__Work required__: Go to the line holding "Burleigh Wagon For" in the data below and repeat it exactly, then each line after it up to and including the one holding "Apartments Domovik On". Omit pictures.

__Exercise data__:
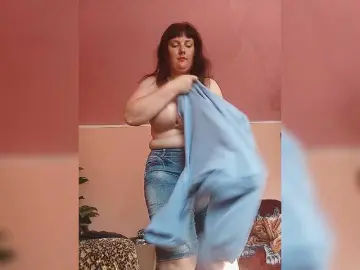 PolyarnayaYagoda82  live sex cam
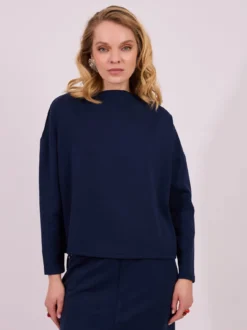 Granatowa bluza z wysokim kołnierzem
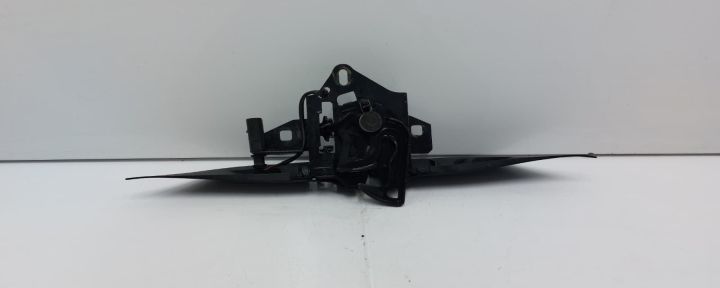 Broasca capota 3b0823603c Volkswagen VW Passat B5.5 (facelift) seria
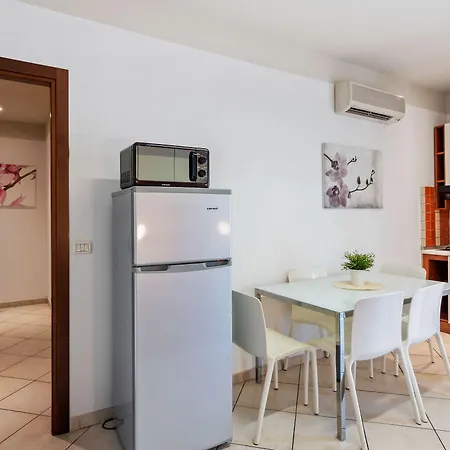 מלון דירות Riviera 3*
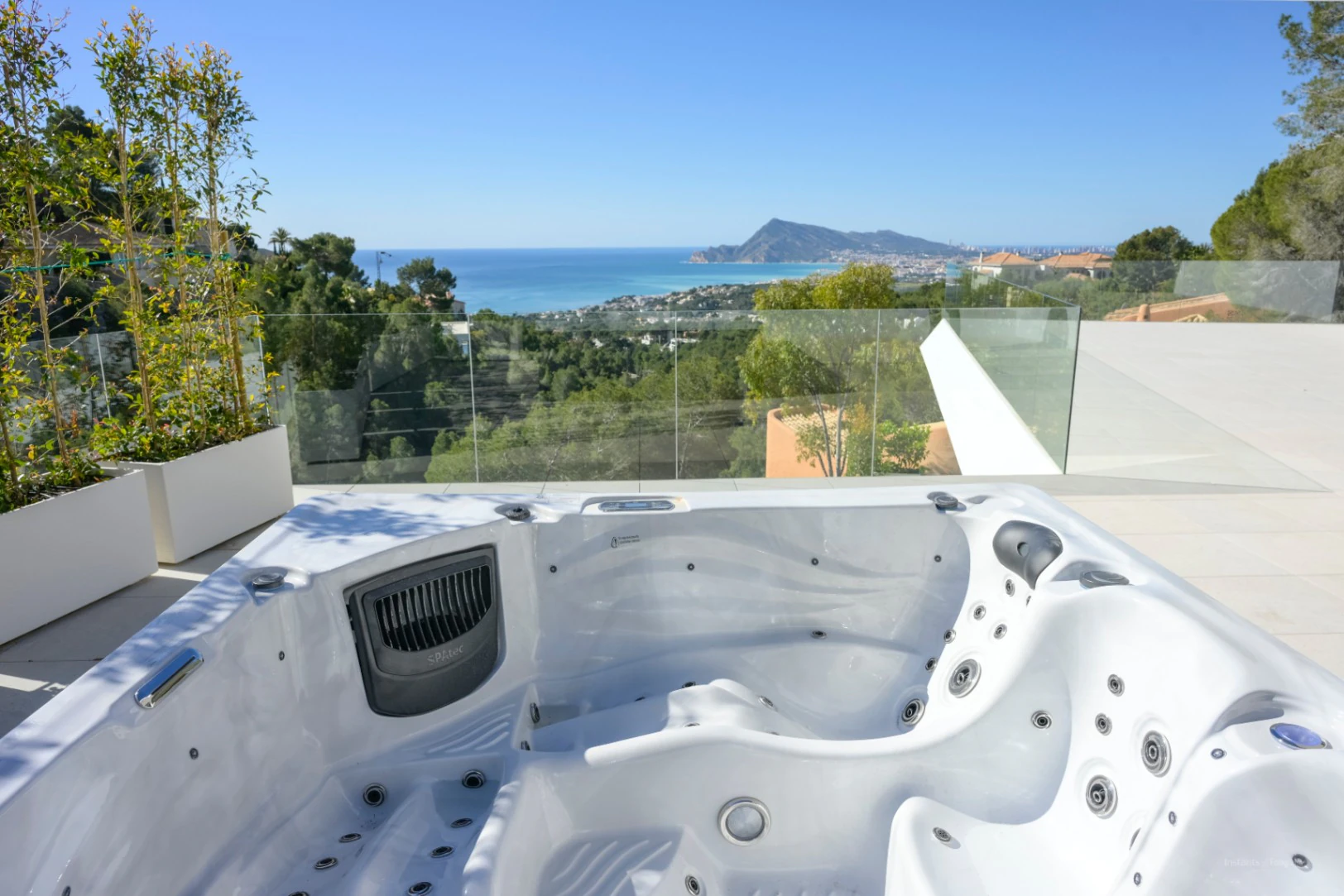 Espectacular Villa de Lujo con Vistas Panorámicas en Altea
...
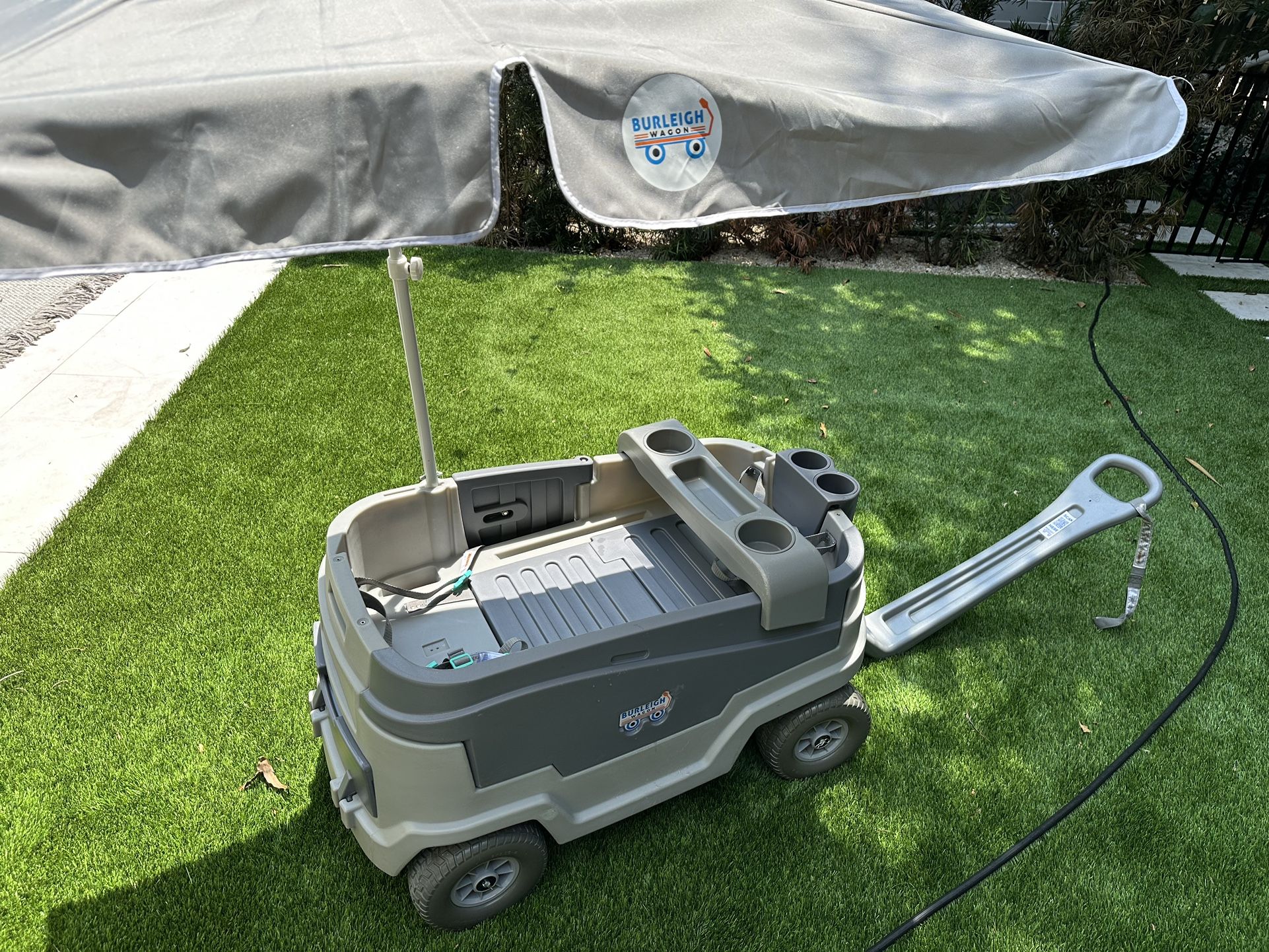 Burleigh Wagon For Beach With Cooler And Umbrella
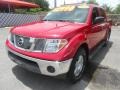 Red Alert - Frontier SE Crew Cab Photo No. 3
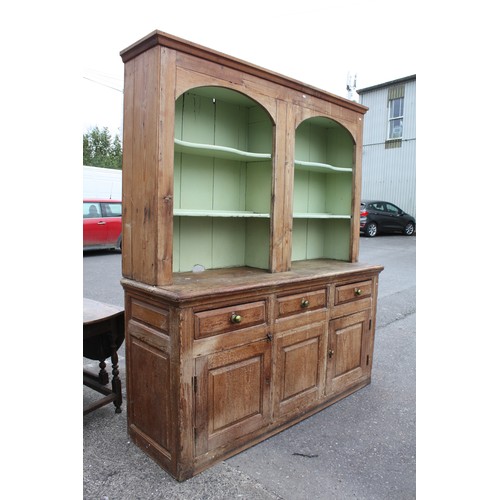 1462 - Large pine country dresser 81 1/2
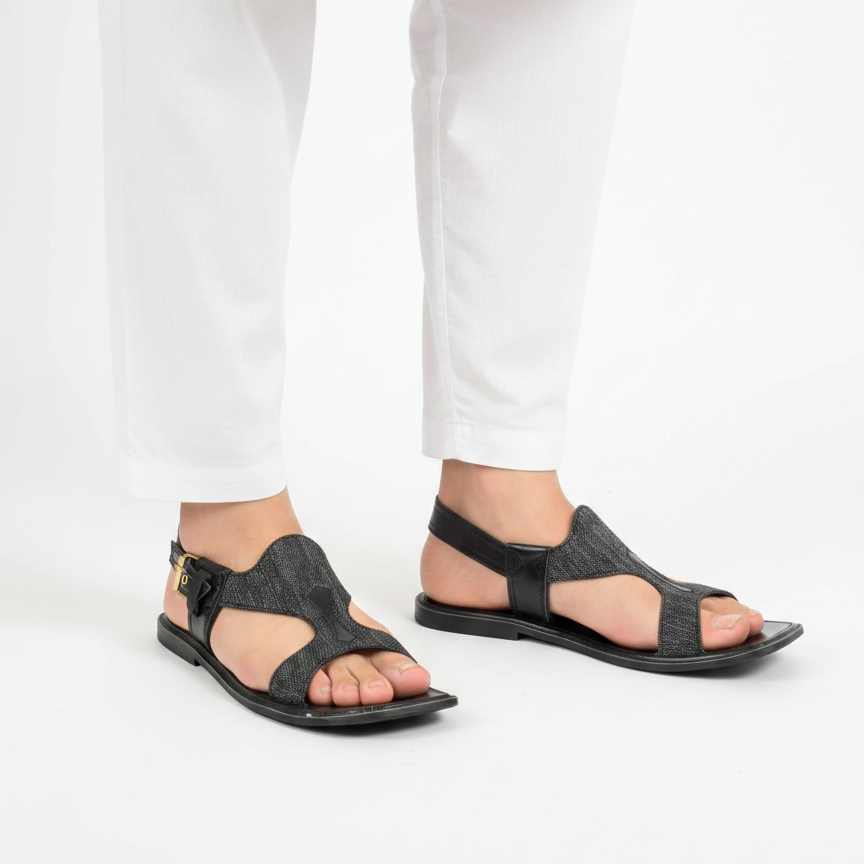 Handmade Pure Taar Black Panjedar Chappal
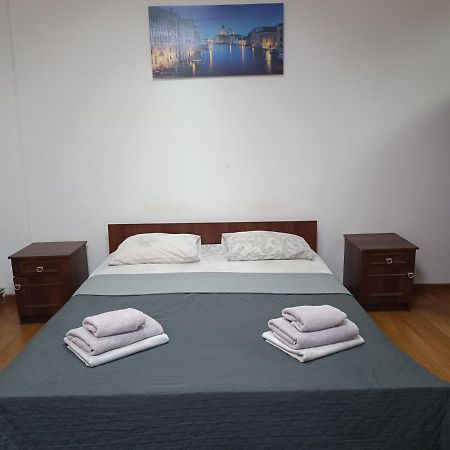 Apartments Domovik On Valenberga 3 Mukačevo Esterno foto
---
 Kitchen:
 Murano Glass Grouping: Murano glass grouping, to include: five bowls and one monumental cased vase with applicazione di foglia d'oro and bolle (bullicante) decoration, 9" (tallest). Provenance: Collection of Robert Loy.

__Solved problem__:
 Burleigh Wagon For Beach With Cooler And Umbrella
 Red Alert - Frontier SE Crew Cab Photo No. 3
 1462 - Large pine country dresser 81 1/2
 Handmade Pure Taar Black Panjedar Chappal
 Apartments Domovik On Valenberga 3 Mukačevo Esterno foto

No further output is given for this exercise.